WHAT TO DO.
Before writing anything, find the line that contains "Silver yoga bracelet", then retype the entries below exactly from their first line through that one, without pictures.

[Image-text web data]

:::

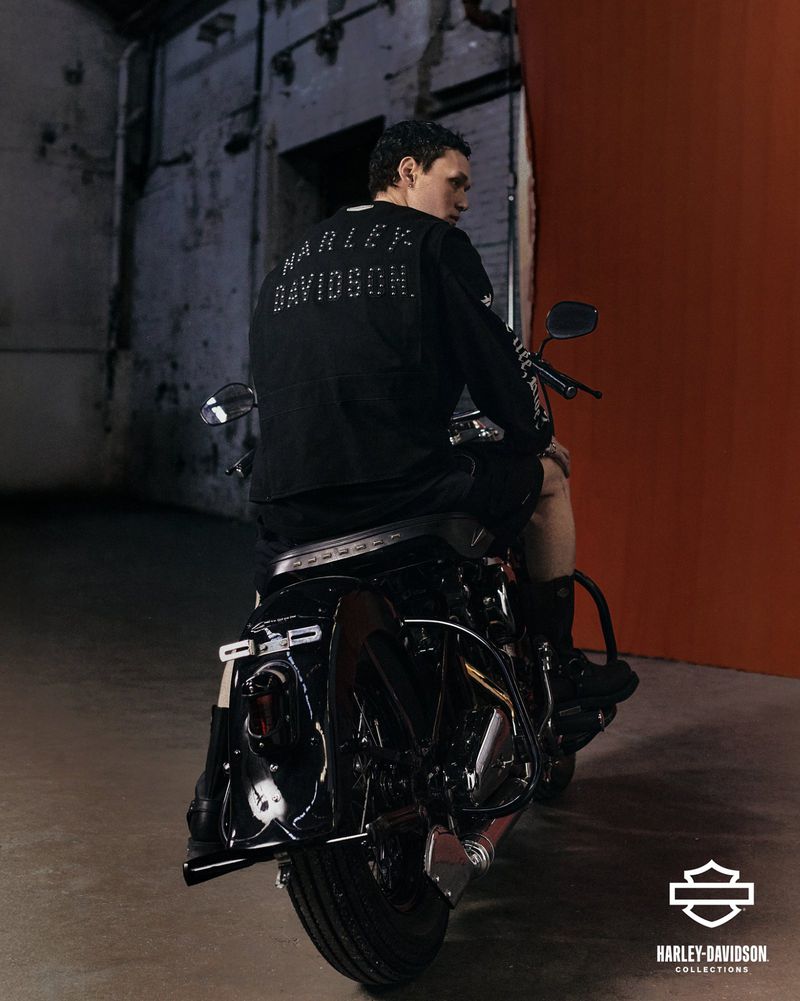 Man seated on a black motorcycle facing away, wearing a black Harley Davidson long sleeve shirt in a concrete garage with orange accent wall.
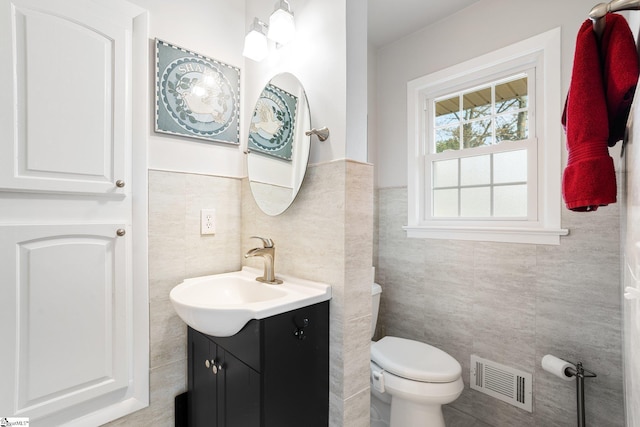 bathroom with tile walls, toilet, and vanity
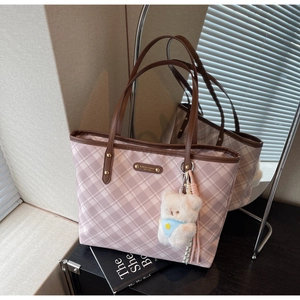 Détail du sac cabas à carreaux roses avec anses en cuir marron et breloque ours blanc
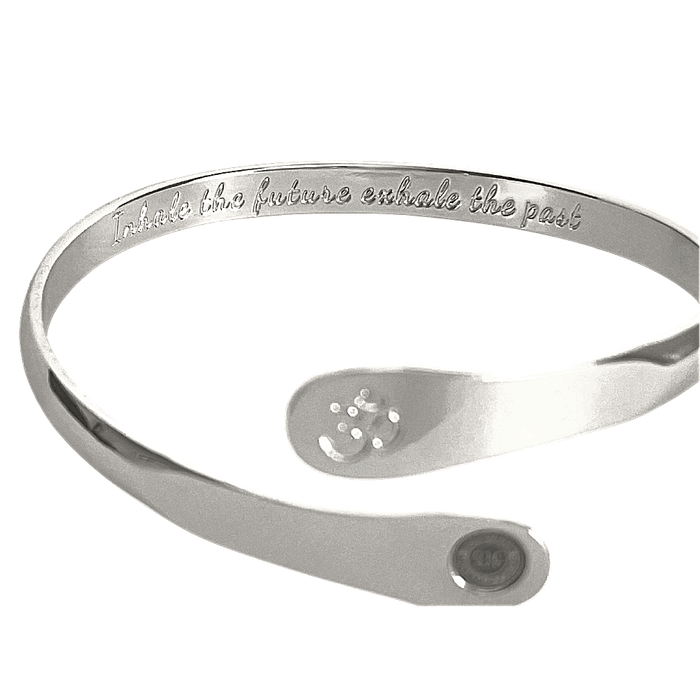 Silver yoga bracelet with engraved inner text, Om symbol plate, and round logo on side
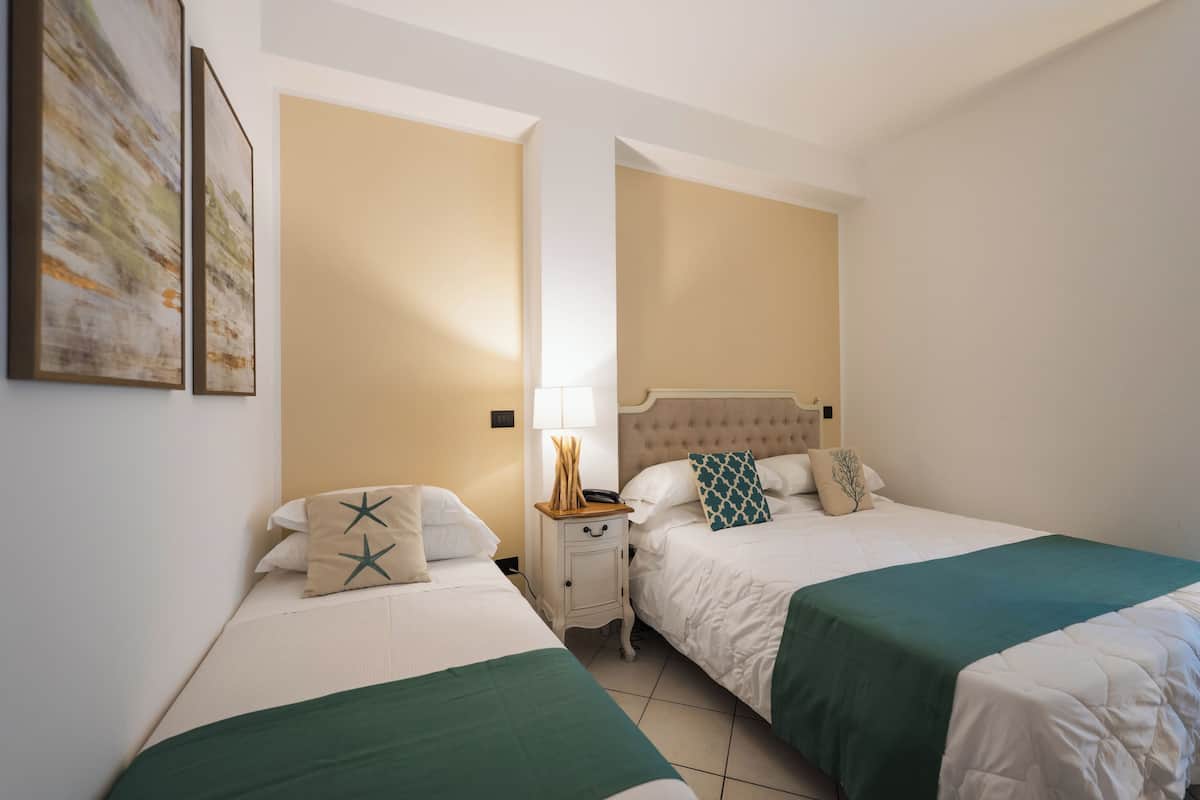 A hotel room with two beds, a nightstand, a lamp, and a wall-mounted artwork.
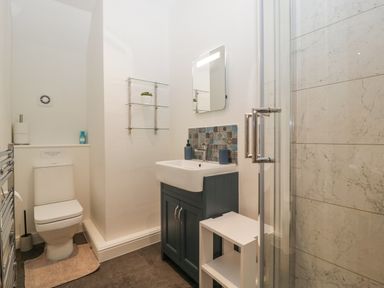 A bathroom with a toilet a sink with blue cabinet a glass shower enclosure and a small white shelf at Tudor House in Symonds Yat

:::

WRITTEN SOLUTION.
 Man seated on a black motorcycle facing away, wearing a black Harley Davidson long sleeve shirt in a concrete garage with orange accent wall.
 bathroom with tile walls, toilet, and vanity
 Détail du sac cabas à carreaux roses avec anses en cuir marron et breloque ours blanc
 Silver yoga bracelet with engraved inner text, Om symbol plate, and round logo on side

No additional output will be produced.